Mr. Rogers purses his lips, and I know my chill ruse doesn’t sound chill at all.

“I’m afraid our clients have absolute privacy, as you can imagine, the possibility of alien intelligence using our accounting services becoming public is completely untenable.”

“Uh huh. Sure. That makes complete sense. Of course.”

“You will not have contact with the client again,” Mr. Rogers clarifies. Those words crush me, even as he keeps speaking. “I know sometimes it is easy to get attached. We don’t allow that.”

“What if the client gets in contact?”

“He’s not going to get in contact, Tania. You did your job very well. You should be exceedingly proud of yourself.”

His words ring hollow. The first time I heard them, they meant something, but that was when I was still on the ship, and I was still in Tyrant’s presence. Now Mr. Rogers’ praise means nothing. It’s just sound that doesn’t deliver what I want to hear.

“Go home,” he repeats. “Look for a new place to live. You can afford it now. There are exciting times ahead for you, Tania. You just need to get over this first little hump.”

He’s talking about being forever separated from the alien I fell in love with as if it is a minor inconvenience. He doesn’t know that every word he’s saying feels like it’s cutting me deep.

I force a smile to my face and I nod. “I’m looking forward to all the challenges the future brings.”

“Alright, then let’s get you home.”

I notice that Mr. Rogers escorts me out of the office. He doesn’t want me there on my own. I am guessing that his office contains details for Tyrant. There’s no way Mr. Rogers doesn’t know how to get in touch with his clients. He has to send the bill, after all.

I go home, but somehow the apartment is actually more depressing today than it was yesterday.

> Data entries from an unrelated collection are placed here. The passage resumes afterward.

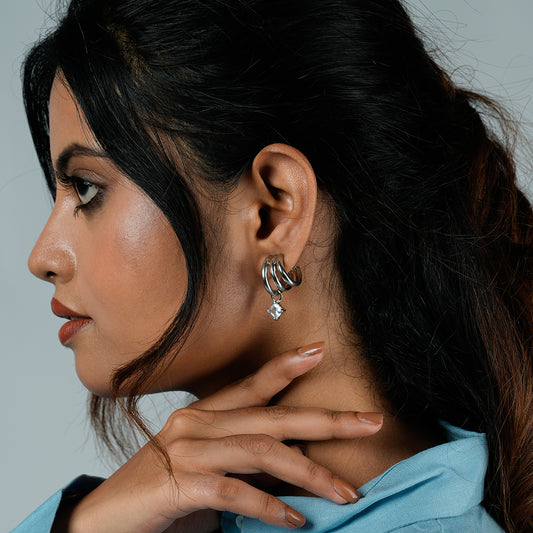 Side profile of a woman wearing Gulban’s Hyperbola Silver Hoop Earring, a statement dual hoop earring with solitaire charm in 18K gold plated finish. Elegant demi fine jewellery styled for modern sophistication.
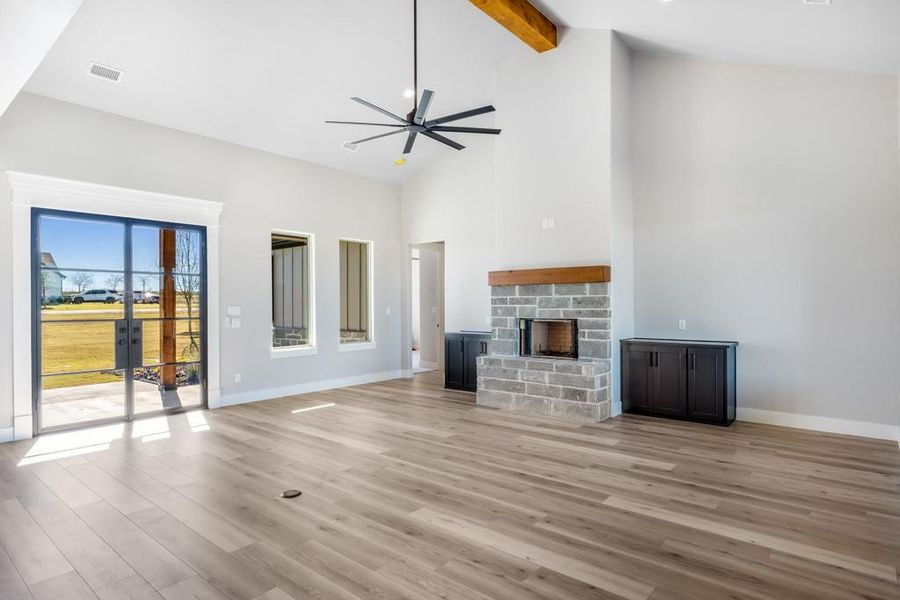 Unfurnished living room featuring high vaulted ceiling, a stone fireplace, ceiling fan, light hardwood / wood-style floors, and beam ceiling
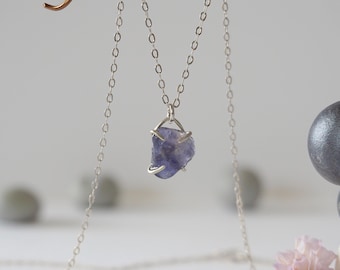 May include: A delicate silver necklace featuring a raw, irregular-shaped, blue-purple gemstone pendant. The pendant is held in a silver setting and hangs from a fine silver chain. The background is blurred, with soft, neutral tones.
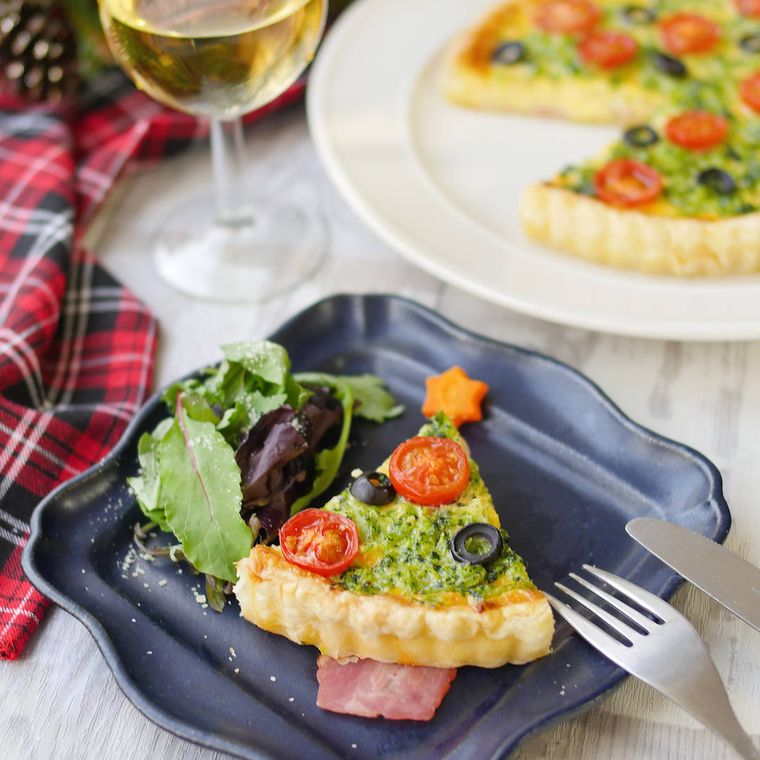 紺色の皿に盛られたブロッコリートマトのクリスマスキッシュ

I don’t know how that’s possible, but it is.

I clean, again.

But I know it is futile. There’s no way I can clean enough to make this dingy little apartment anything like Tyrant's ship. And there’s no way I can find some other apartment that will make me feel at home the way his ship did.

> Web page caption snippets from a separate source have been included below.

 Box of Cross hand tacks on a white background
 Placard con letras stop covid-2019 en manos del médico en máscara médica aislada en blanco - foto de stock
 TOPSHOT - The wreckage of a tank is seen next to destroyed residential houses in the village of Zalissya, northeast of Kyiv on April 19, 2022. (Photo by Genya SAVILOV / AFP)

When everything is so clean I can see how irreparably filthy it is, I sit down on the couch and I let the television babble at me as if that’s going to help.

It doesn’t help.

I order some food in. Pizza. It doesn’t taste good. Nothing tastes good. Nothing really tastes like anything. Like oily cardboard, at best. Water has always tasted like nothing, but now it tastes like nothing, now with extra zero.

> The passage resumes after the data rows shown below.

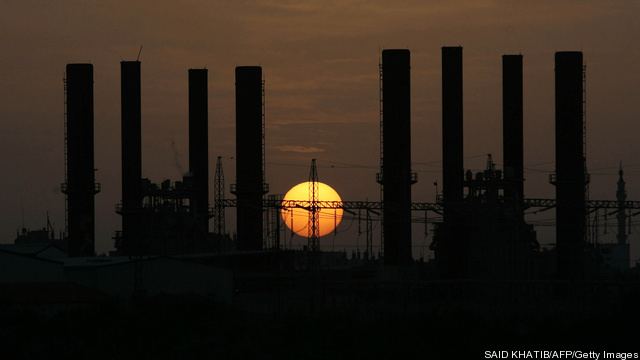 The sun sets behind the main Palestinian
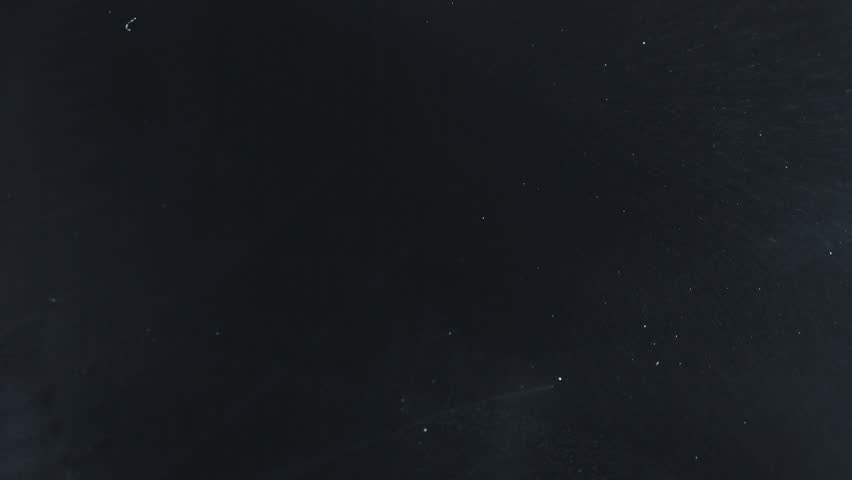Real Timelapse Shot of Frost Texture Forming on Glass, Black Background.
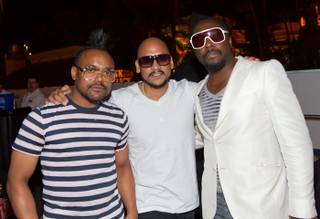 The Black Eyed Peas' apl.de.ap and will.i.am flank manager Polo Molino at Moorea Beach Club at Mandalay Bay on Sept. 4, 2010.

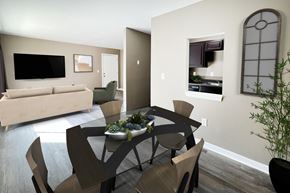 Hamilton apartment for rent - A modern dining room with a wooden table and chairs.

The colors of the world, from the sky to the grass are bland. Was the grass always this tedious? Silly little blades of plant just sitting there all smug. And then the concrete. Ugh. So gross. It’s so bland and so stoic and it doesn’t move at all. And don’t even get me started on wood.

Did I ever actually like the Earth? Or was I just born here and therefore felt obligated to stay, like a bad relationship. With a planet.